The research quoted is based on a self-selecting survey of no statistical merit, and demonstrates a very slight majority acquired from a low sample size, which is then backed up by hearsay quotations. Yet nowhere in the article does the BBC draw any attention to the unreliability or biased nature of this survey. As thousands of people have already noted in formal complaints, the article fell short of the BBC’s own Editorial Guidelines, including Sections 3 (Accuracy), 4 (Impartiality), and 5 (Harm and Offence).

In our professional assessment, the article had all the hallmarks of what feminist scholars identified as a ‘sex panic’ during the 1980s. Sex panics are dangerous, they set up what Carole Vance (1984) has characterised as ‘volatile battles over sexuality’, drawing on unrepresentative individual testimonies designed to stir up strong public feeling and outrage.
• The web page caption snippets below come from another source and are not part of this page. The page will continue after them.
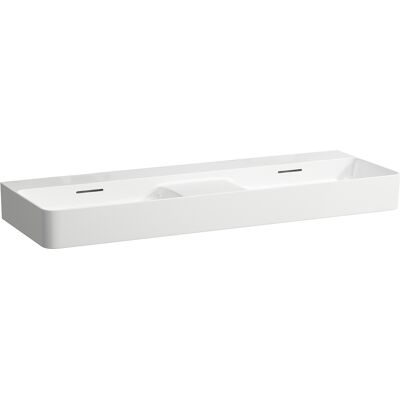 Val Lavabo Doble, Sin Agujero Para Grifo, Con Rebosadero, - Laufen Val Lavabo Doble, Sin Agujero Para Grifo, Con Rebosadero, - Laufen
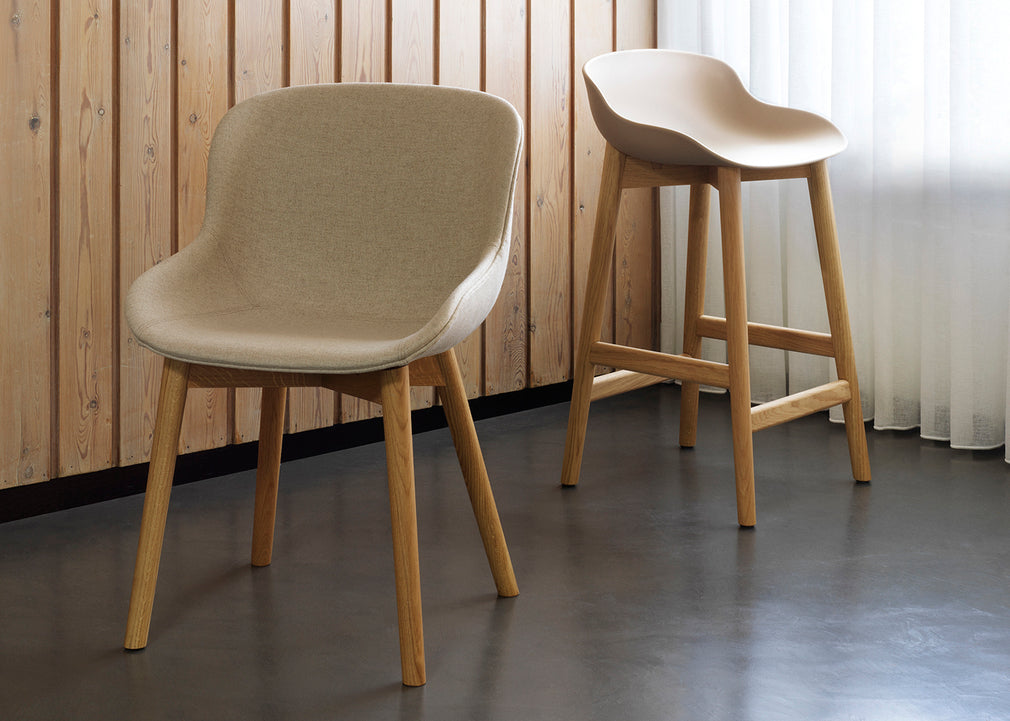 Hyg Chair Grey Shell Oak Legs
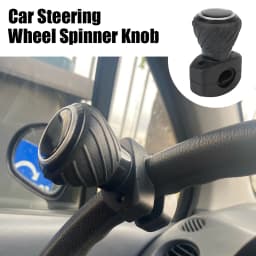 Car Steering Wheel Booster Spinner Knob Labor Saving Truck Tractor Forklift 360 Degree Grip Ball Turning Hand Control Auto Parts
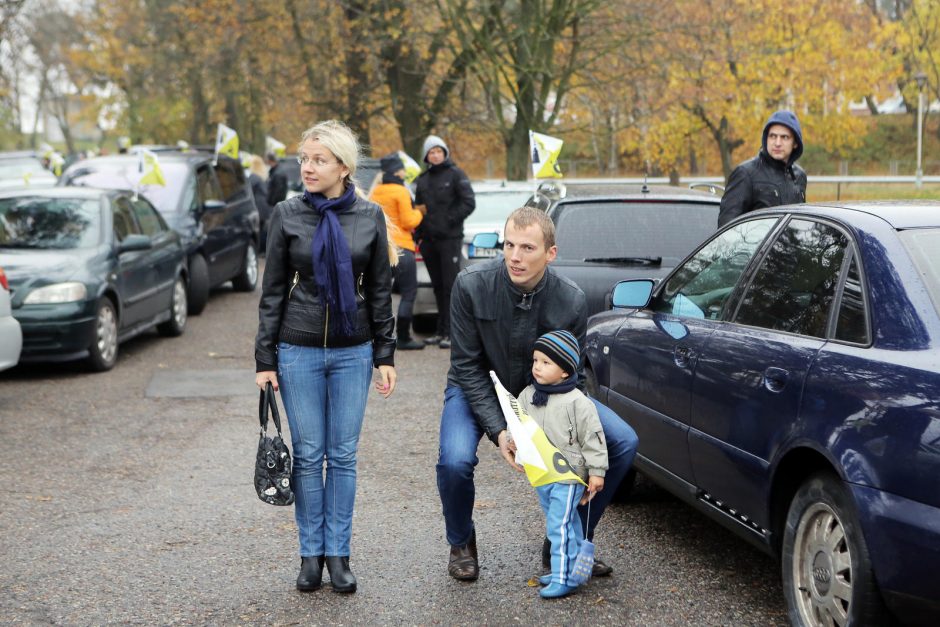 Pirmasis Švyturių ralis užbūrė dalyvius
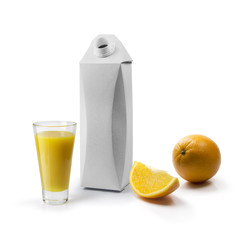 Packing template for juice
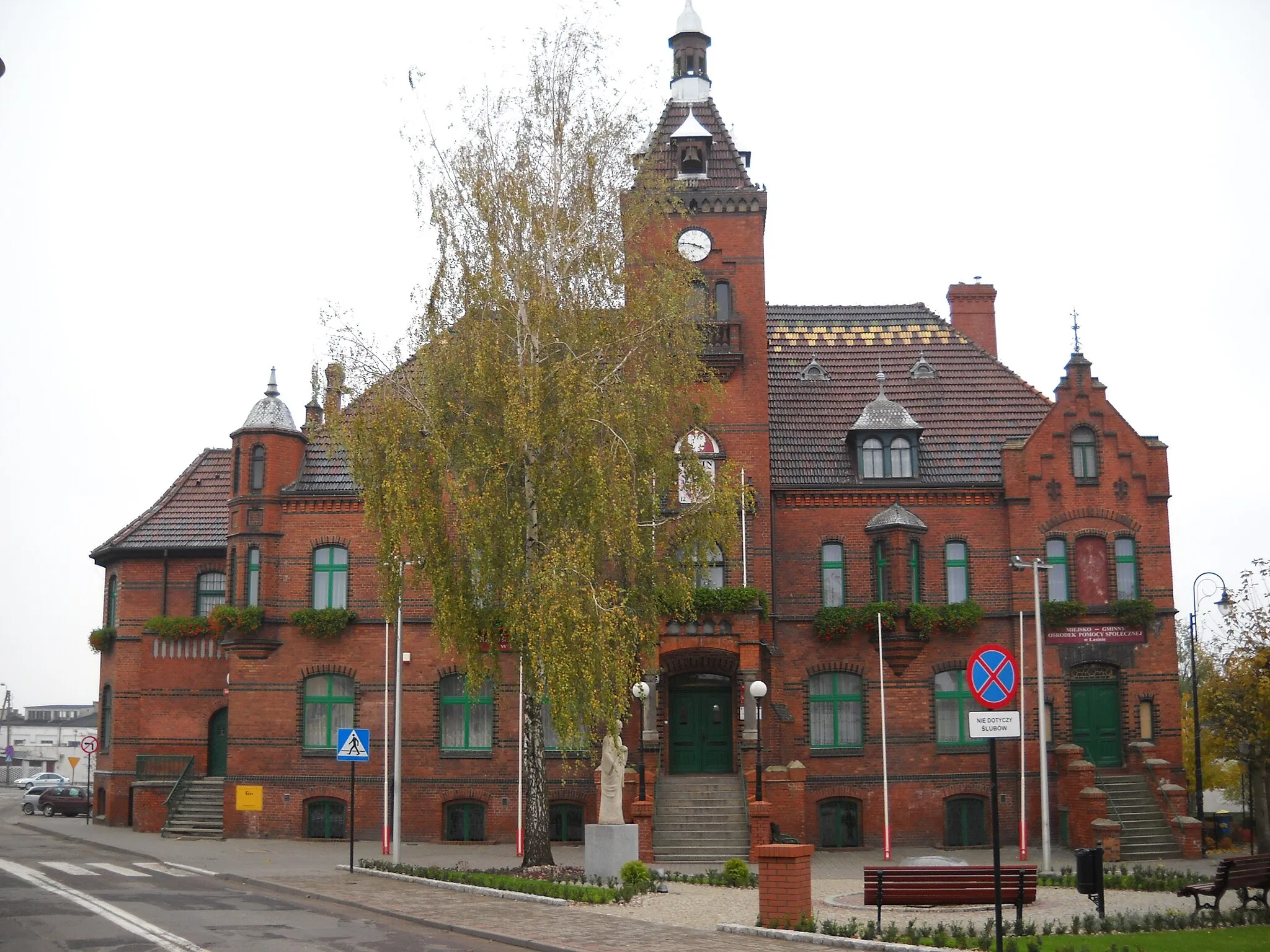 Photo showing: Łasin Town Hall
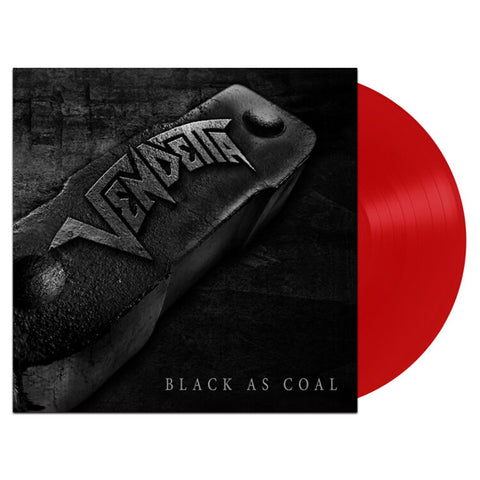 Vendetta "Black As Coal" (lp, red vinyl)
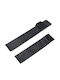 Diloy Straps Metallic Bracelet Black 22mm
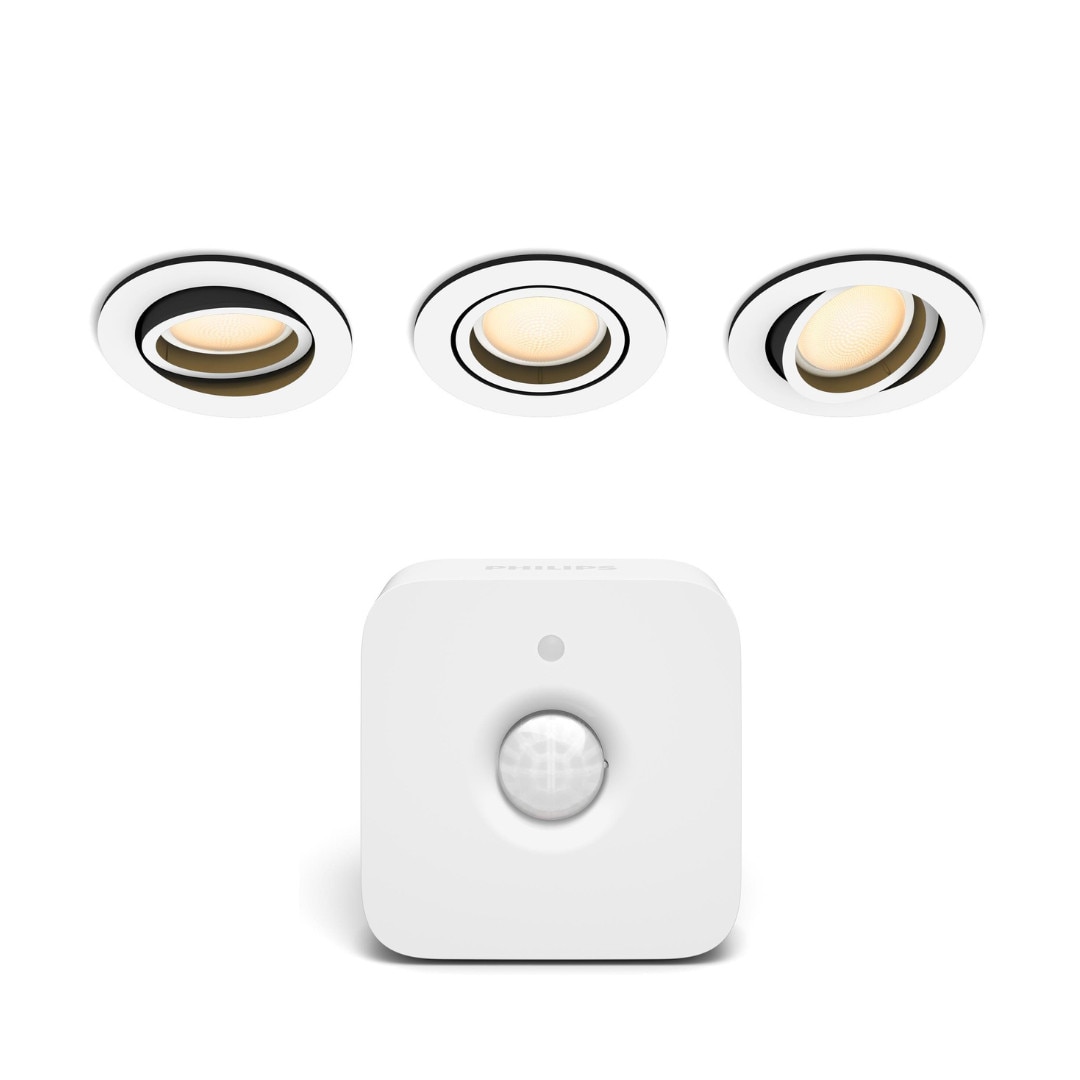 Philips Hue White Ambiance Einbauspot Milliskin (3Er-Pack) - Image 7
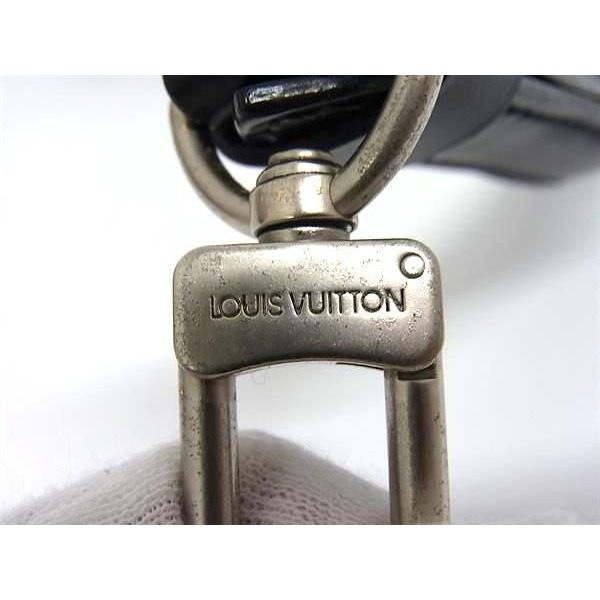 Louis Vuitton Leather Bag Shoulder Strap Crossbody Black — view 4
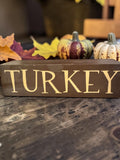 Decorative Wooden Turkey Tabletop Sign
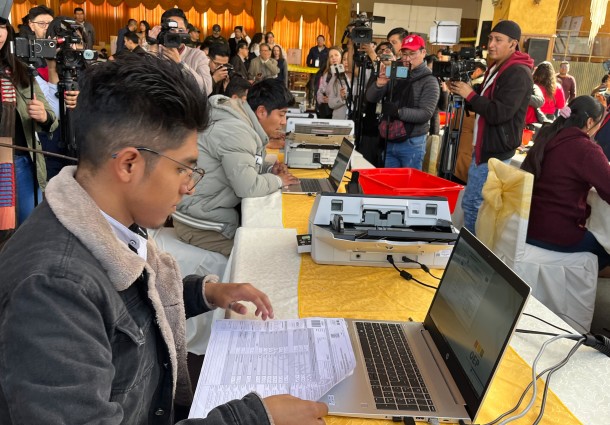 Cuenta regresiva: TED La Paz realiza simulacro del cómputo oficial de votos a tres días de la jornada electoral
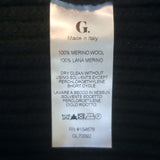 G. Label by goop Foster Ribbed Puff Sleeve Cardigan Black Wool Size Medium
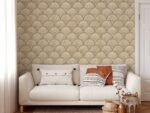 Beige Gold Effect Art Deco Style Luxury Wallpaper - Image 5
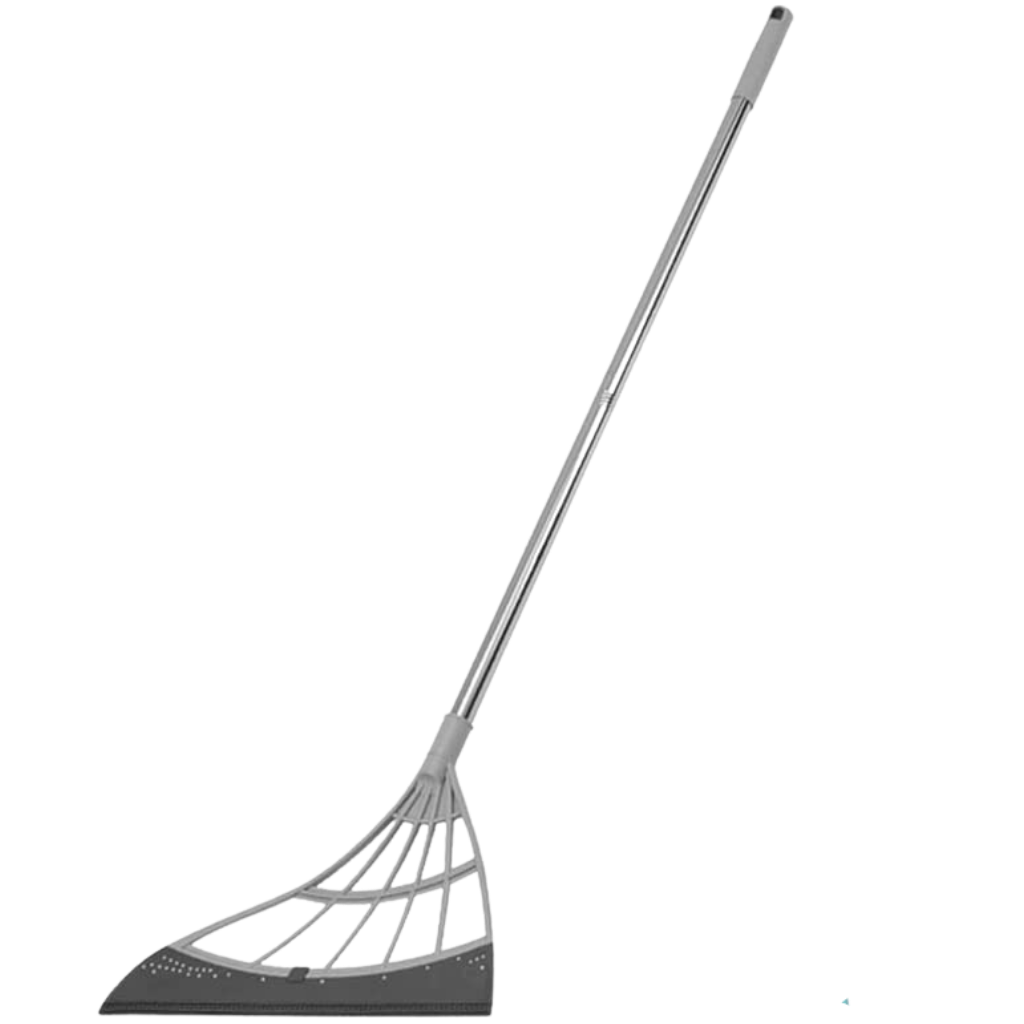 Teleskopik kauçuk süpürge -Gri - Ozerty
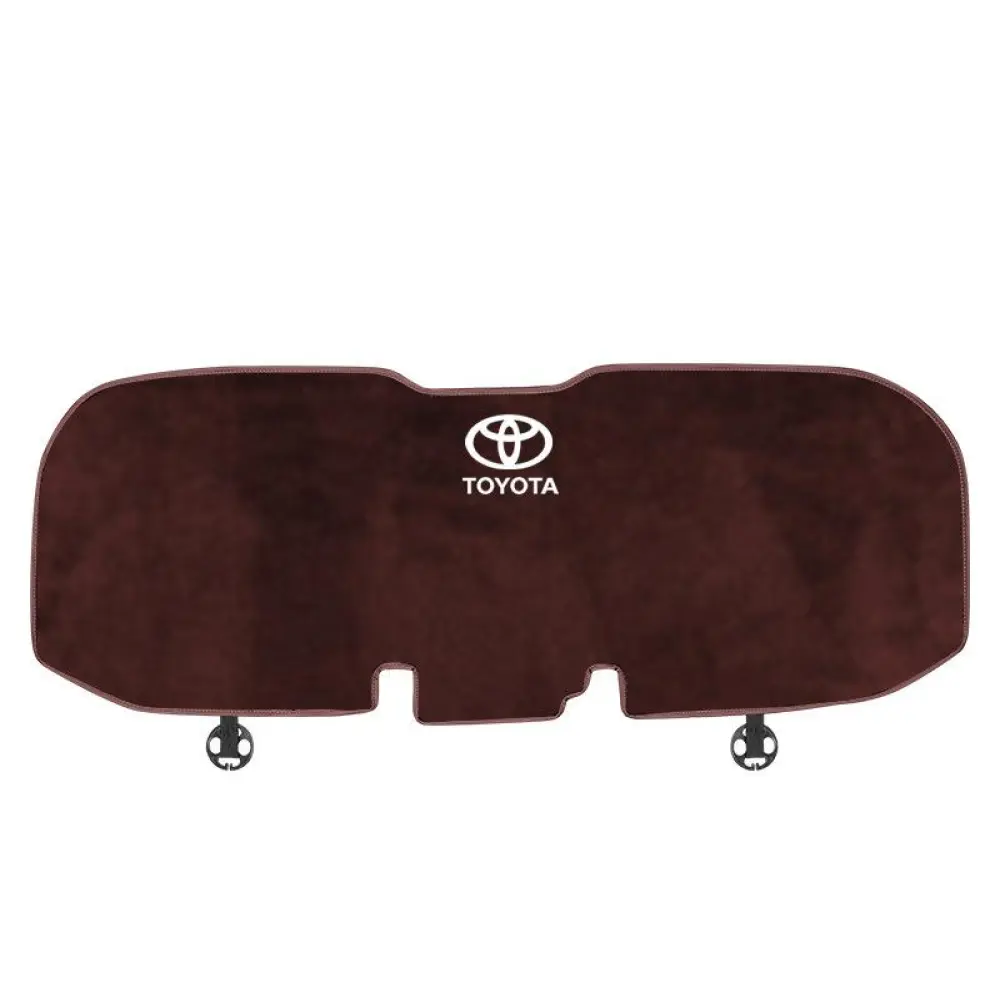 Suitable For Toyota Car Flannel Back Cushion Seat Cushion Brown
Sex panics have a chilling effect on research, politics and public debate. They also impact on the lives of individuals in negative ways, making them much more vulnerable to violence and harassment. 

Presciently, Gayle Rubin (1984) described how sex panics tend to become ‘vehicles for displacing social anxieties’ during times of great political stress such as our own. Usually framed around conspiratorial fears of ‘hidden dangers’ to (white) women and children, historical examples include the increased criminalisation of prostitution and homosexuality in the 1880s, the construction of Black men as rapists in the 1900s, the conflation of gay rights with communism and paedophilia in the 1950s, and campaigns against pornography in the 1980s alongside increased sexual stigma in response to HIV/AIDS.

The BBC News article bears a striking resemblance to how gay men were constructed as “deviant”, “menacing”, and “threatening” during these periods. For example, views of gay men as sexual predators were used to support the passing of homophobic legislation in the 1980s. As the BBC’s own resource on the impact of Section 28 documents, such laws legitimised school-wide bullying and homophobic abuse and made it much harder for LGBT+ people to access sex education.

The kind of reporting represented by the BBC News article is likely to contribute to further discrimination and harassment of trans and non-binary people in the UK. As Stonewall’s Trans Report of 2018 – a report based on the  experiences of more than 800 trans and non-binary people – has shown:

  • Almost half (48 per cent) of trans people don’t feel comfortable using public toilets through fear of discrimination or harassment.
  • A third of trans people (34 per cent) have been discriminated against because of their gender identity when using a cafe, restaurant, bar or nightclub in the last year.
  • More than two in five trans people (44 per cent) avoid certain streets because they don’t feel safe there as an LGBT person.
  • One in four (25 per cent) were discriminated against when looking for a house or flat to rent or buy in the last year. One in five non-bianry people (20 per cent) have experienced discrimination while looking for a new home.
  • More than a third of trans students (36 per cent) in higher education have experienced negative comments or behaviour from staff in the last year.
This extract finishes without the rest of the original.